Rachel L. Swarns is a journalist, author and associate professor of journalism at New York University, who writes about race and race relations as a contributing writer for The New York Times. Her articles about Georgetown University’s roots in slavery touched off a national conversation about American universities and their ties to this painful period of history. Her work has been recognized and supported by the National Endowment for the Humanities, the Ford Foundation, the Leon Levy Center for Biography, the Biographers International Organization, the MacDowell artist residency program and others. In 2023, she was elected to the Society of American Historians. Her forthcoming book, The 272: The Families who Were Enslaved and Sold to Build the American Catholic Church, will be published by Random House in June.

At the Times, Swarns served as a full-time reporter and correspondent for 22 years. She has reported from Russia, Cuba, Guatemala and southern Africa, where she served as the Times’ Johannesburg bureau chief. She has covered immigration, presidential politics and Michelle Obama and her role in the Obama White House. She also served as a Metro columnist in New York City. As a senior writer for the paper, she helped to lead and innovate on coverage of issues of race and ethnicity. In 2018, she joined NYU’s Arthur L. Carter Journalism Institute, where she focuses on American slavery and its contemporary legacies.
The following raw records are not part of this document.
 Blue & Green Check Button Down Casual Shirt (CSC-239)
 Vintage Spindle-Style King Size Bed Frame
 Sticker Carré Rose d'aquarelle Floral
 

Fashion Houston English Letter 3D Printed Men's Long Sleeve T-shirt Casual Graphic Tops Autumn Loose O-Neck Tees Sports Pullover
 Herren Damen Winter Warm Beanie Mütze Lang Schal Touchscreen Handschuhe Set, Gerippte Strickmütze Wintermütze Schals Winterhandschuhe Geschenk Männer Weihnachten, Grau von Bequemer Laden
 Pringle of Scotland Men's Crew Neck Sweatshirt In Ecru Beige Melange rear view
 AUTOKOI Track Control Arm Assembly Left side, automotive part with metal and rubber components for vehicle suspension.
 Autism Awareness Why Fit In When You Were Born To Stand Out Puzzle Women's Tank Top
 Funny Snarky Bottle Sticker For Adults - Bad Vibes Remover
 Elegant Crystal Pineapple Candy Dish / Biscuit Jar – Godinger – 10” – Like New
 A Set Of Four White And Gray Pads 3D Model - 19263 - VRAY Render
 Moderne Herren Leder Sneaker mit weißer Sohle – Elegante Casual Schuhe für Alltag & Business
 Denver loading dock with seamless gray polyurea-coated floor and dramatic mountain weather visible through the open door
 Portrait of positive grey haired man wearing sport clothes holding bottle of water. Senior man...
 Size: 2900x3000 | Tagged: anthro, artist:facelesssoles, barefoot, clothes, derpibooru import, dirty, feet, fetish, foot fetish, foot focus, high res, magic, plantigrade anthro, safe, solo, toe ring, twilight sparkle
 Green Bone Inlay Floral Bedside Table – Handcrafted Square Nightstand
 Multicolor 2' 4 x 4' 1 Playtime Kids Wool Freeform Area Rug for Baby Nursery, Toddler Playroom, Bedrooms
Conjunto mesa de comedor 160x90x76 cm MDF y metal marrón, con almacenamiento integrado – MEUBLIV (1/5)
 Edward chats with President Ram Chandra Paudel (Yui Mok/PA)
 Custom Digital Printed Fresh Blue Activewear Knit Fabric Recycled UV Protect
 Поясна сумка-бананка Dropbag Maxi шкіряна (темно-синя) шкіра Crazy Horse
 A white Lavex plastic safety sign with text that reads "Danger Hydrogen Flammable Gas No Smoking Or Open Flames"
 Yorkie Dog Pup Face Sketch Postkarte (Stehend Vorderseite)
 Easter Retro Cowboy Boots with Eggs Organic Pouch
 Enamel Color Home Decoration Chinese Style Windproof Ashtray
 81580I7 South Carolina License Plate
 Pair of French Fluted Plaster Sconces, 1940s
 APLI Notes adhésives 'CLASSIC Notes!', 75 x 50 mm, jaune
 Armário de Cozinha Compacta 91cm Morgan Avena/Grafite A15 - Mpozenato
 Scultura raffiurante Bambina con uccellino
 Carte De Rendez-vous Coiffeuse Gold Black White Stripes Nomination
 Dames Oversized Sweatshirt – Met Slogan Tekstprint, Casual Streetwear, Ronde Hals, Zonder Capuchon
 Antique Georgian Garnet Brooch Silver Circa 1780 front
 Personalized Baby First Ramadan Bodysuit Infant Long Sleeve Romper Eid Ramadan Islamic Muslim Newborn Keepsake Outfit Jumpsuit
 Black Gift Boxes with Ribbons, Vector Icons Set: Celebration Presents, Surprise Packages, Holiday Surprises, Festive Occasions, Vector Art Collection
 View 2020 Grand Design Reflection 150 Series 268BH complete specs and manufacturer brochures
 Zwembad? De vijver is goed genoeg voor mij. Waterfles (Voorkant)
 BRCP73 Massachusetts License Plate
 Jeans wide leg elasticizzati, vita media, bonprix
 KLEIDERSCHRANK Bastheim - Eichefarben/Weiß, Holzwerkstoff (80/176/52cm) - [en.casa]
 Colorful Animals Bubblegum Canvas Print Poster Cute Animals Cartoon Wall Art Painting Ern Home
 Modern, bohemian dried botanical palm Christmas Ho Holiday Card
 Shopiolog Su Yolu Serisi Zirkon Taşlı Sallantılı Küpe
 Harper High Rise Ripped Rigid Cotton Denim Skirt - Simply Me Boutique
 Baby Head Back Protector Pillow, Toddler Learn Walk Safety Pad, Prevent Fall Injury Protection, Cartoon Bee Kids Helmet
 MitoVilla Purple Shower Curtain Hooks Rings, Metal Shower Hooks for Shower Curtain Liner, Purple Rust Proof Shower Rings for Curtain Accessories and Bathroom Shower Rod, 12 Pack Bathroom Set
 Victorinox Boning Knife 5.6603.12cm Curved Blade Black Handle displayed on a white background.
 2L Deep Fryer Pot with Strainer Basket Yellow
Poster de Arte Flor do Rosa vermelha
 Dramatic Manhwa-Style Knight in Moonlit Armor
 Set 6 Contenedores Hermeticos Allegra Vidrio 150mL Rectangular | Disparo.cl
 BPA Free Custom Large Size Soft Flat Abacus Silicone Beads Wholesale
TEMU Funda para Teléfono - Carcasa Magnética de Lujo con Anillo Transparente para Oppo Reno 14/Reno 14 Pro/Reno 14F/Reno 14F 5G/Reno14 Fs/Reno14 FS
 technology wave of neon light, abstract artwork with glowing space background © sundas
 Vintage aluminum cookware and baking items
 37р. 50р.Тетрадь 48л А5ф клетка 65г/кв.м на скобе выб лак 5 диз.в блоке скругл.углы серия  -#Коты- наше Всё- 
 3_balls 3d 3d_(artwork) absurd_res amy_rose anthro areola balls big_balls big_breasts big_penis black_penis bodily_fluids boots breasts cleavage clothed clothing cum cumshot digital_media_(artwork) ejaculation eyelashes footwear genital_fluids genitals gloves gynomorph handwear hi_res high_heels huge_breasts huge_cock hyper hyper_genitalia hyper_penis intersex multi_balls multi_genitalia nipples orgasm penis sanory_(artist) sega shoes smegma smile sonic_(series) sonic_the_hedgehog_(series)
She is the author of American Tapestry: The Story of the Black, White and Multiracial Ancestors of Michelle Obama, published by Amistad, an imprint of HarperCollins Publishers, which traced the journey of Mrs. Obama’s forbears from slavery to the White House in five generations. American Tapestry was ranked as one of the 100 Notable Books of 2012 by the New York Times Book Review and as one of the year’s best biographies by Booklist.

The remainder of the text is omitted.